Dispatches From Elsewhere Episode 5 abandons Clara’s perspective for a while, as the group agrees to reconvene after the workday, suitably inspired by Clara’s story. Peter believes Simone might be best-suited to deciphering what they’ve learned, given her art degree, though she herself seems skeptical. She nonetheless asks her professor about the murals, and he tells her there’s a long history of such things. When asked if she’ll be returning to art school, Simone opens up about why she can’t – why she isn’t capable of a big decision right now, not so soon after her transition and in a period of such emotional flux. It’s the most truthful discussion of happiness and identity the show has managed thus far, and the most natural, human moment of an episode about moving paintings and the formation of secret societies. When Simone leaves to “find her Elsewhere”, her professor and the audience both understand that she isn’t talking about anything fantastical.
In that conversation, Simone is reminded of Clara’s words, and at work, Peter hears her voice too. He’s convinced by her to play the Beach Boys’ “Good Vibrations” for all the users on the Spotify-like service he works for, which gets him fired. But no matter, since in the same conversation, Peter quits. When his boss asks if he was listening to a word he said, he happily tells him no, he wasn’t. His usually expressionless face wears a smile.
Clara’s story has clearly resonated with all of our characters. Janice tells Lev about her and is confronted by his nurse about a text message she apparently sent the night before, though she has no memory of doing so.
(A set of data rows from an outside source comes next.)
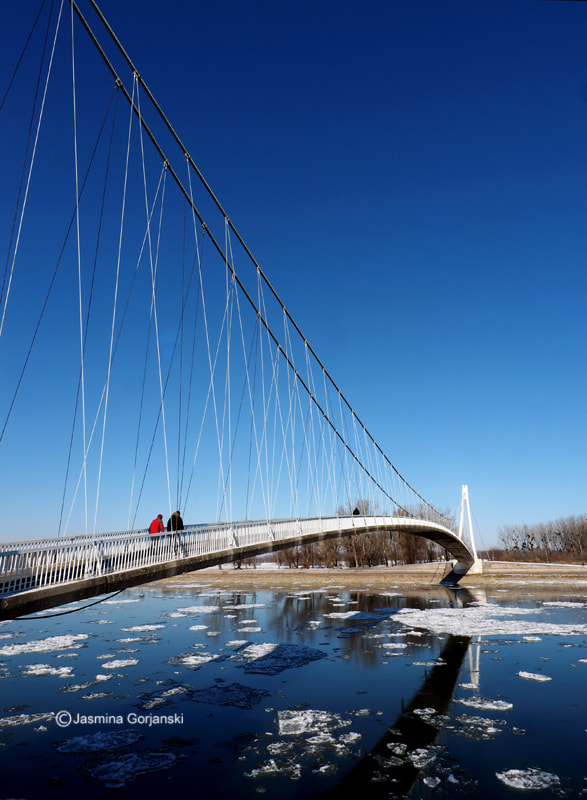 Olympus OM-D E-M1 + OLYMPUS  7-14mm Lens sample photo. Through the icy river photography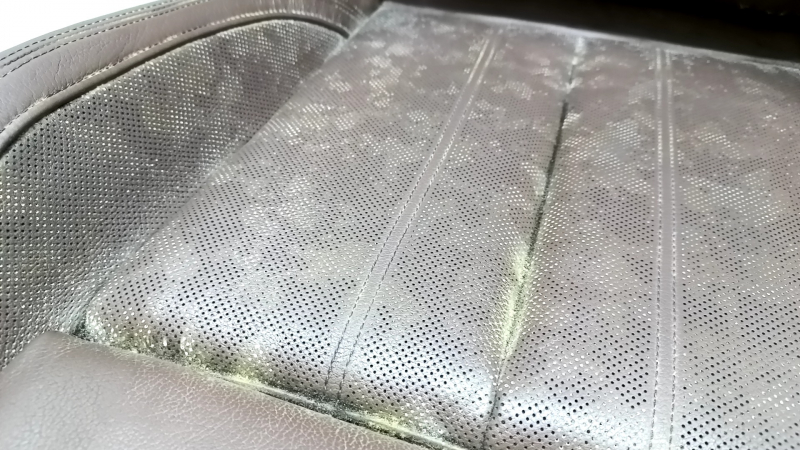 Passenger seat Audi Q5 80A 18-24 with AIRBAG, Sport, leather, brown, electric, with heating and ventilation, with perforation, scratches, for dry cleaning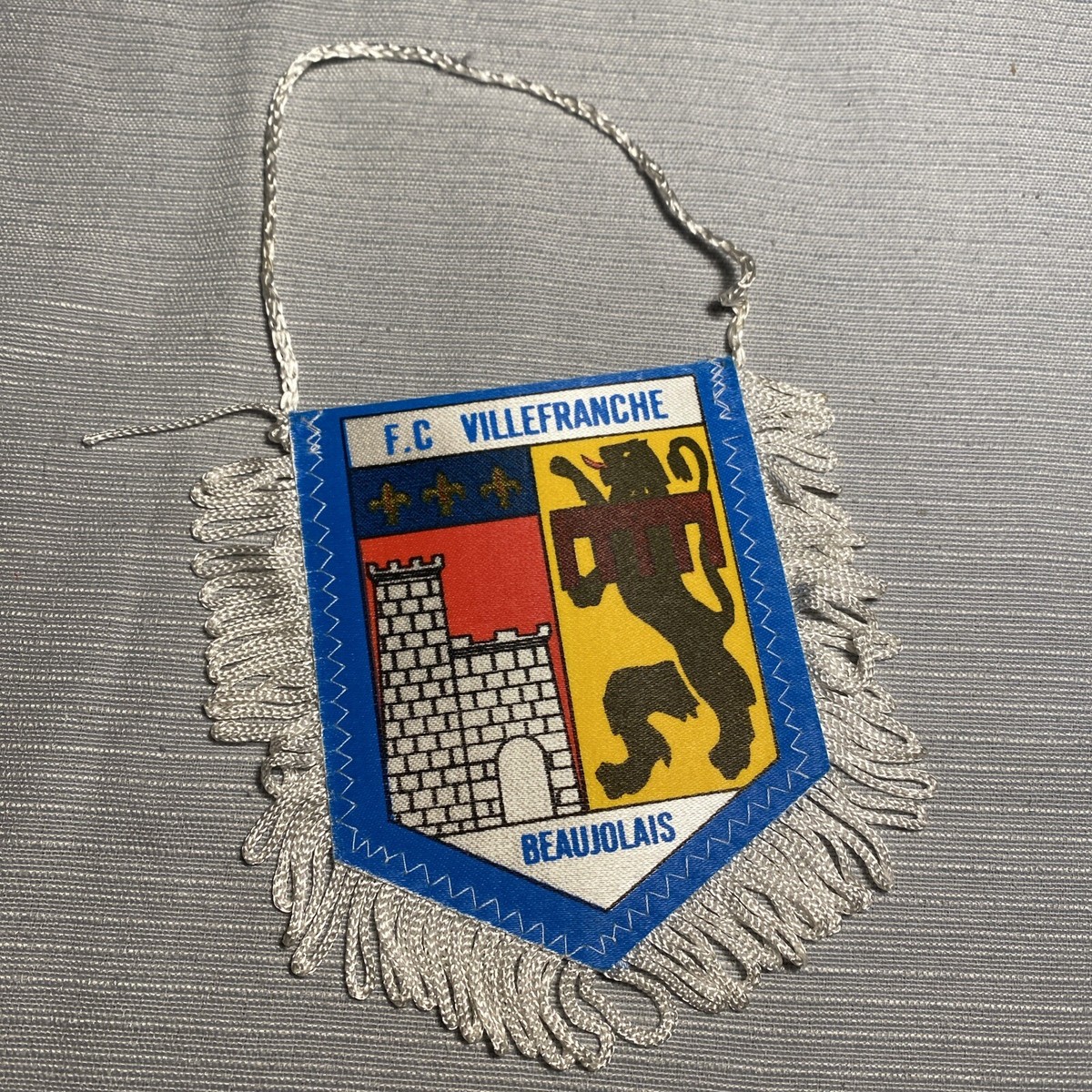 Fanion FC Villefranche Beaujolais Football, Vintage Collection, Wimpel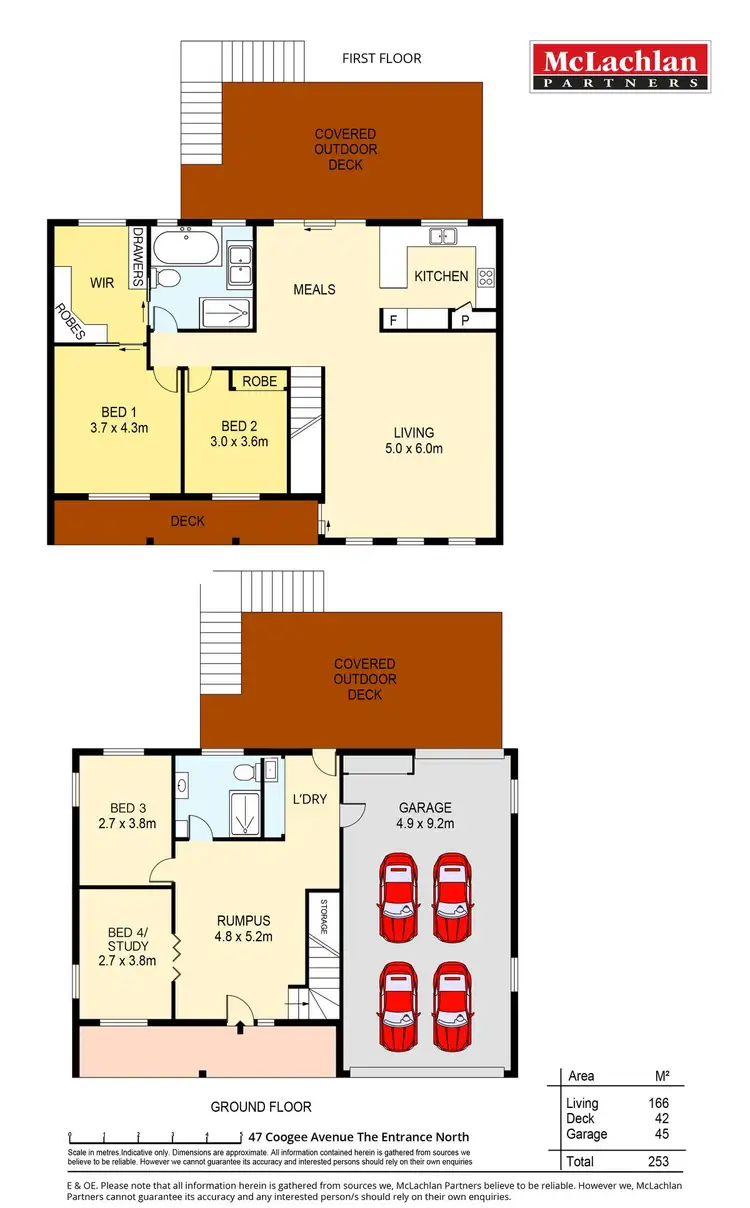 Floorplan of Homely house listing, 47 Coogee Avenue, The Entrance North NSW 2261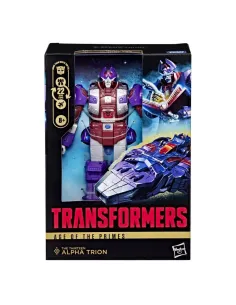 Figura hasbro transformers age of the primes deluxe class alpha trion 17.5cm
Fredwynn, once again taking matters into his own hands, triggers the next part of Clara’s history, as she and her friends set up their home base and continue to create art all over Fishtown, eventually attracting the attention of a woman in a limousine. Once the group is reunited, Janice discovers the next installment.
We see Octavio try and recruit Clara, the woman from the limo a Jejune representative. His speech to her is not entirely dissimilar to the one from the premiere, which brought Peter to tears with its insistence of his specialness. Octavio tells Clara that she, too, is special, and that special people have to be careful who they surround themselves with – and that her friends, despite having helped her spruce up Fishtown, don’t qualify. She rejects him. She doesn’t want to change the world without them or to monetize hope as a product as Jejune do.
But Octavio isn’t to be told no. He dispatches his colleague, who apparently knows what to do, to kidnap Clara. They fight in an animated interstitial in which Clara stabs her in the eye with a paintbrush. But she’s caught and vanishes. Her story, at least for now, ends.
But her story was real, which is confirmed by Simone’s art professor, who interrupts her developing romantic tension with Peter to email her a photo of a life-like mural discovered two decades prior – Clara’s waterfall. Dispatches From Elsewhere Season 1, Episode 5 ends with Octavio snapping his fingers.